Tuesday, August 19, 2008

BETRAYAL

It is easier to forgive an enemy than a friend.

Sonny’s year in the first grade had not gone well. The other children in the school poked fun at him, and even the teacher was completely out of patience with him and not at all kind or understanding with this “special needs” child. She told Beulah that she didn’t think he was bright enough to be in school, and that he would have to repeat the first grade. Beulah decided to send him to a school where he would have some friends, the same school where Jenny would be starting in September. They had already been to see the other two school board members and they said it was all right with them if it was all right with Warren. She stopped in alone one blistering day in August to get what she felt sure would be a nod of approval from a trusted friend.

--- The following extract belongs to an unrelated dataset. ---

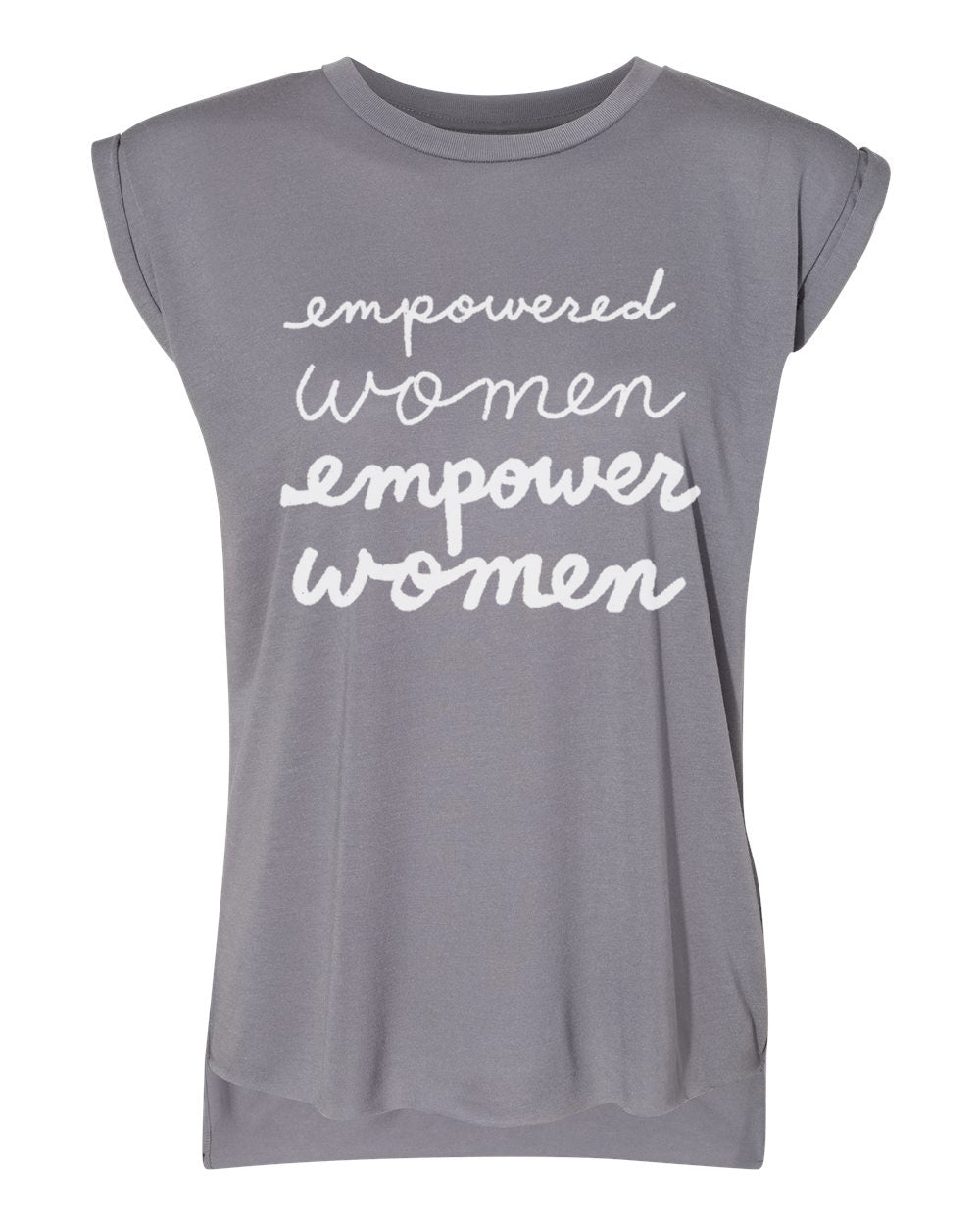 a gray t-shirt with the text "empowered women empower women" printed on it in white lettering.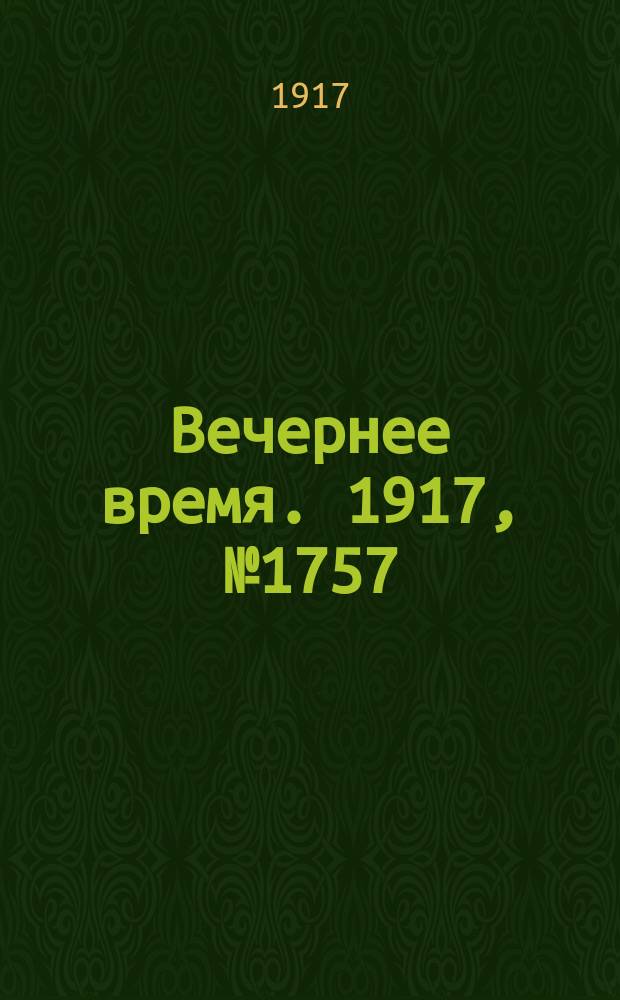Вечернее время. 1917, № 1757 (19 февр. (4 марта))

Daddy said that the law was that any student from out of the district would have to pay tuition. He told Beulah that Sonny would have trouble with the other children wherever he went, that kids were just that way and he knew they could be very cruel, but that Sonny would learn how to get along with them. He said that he’s been elected to see to it that everything was done legally. Big tears rolled down Beulah’s cheeks and she went home without another word.

Mother said, “I wish you had just said it would be all right. It wouldn’t have hurt anything to let him go to our school. Beulah is such a good neighbor.”

“Why should we have to take the other district’s defectives? Let them take care of their own, . There’s more money in that district and the think they’re so high and mighty. Besides I don’t want Sonny walking to school and home everyday for the next eight years with our girls. You never can tell what he’s likely to do.”

“Maybe if he were treated a little better, he wouldn’t be such a troublemaker.”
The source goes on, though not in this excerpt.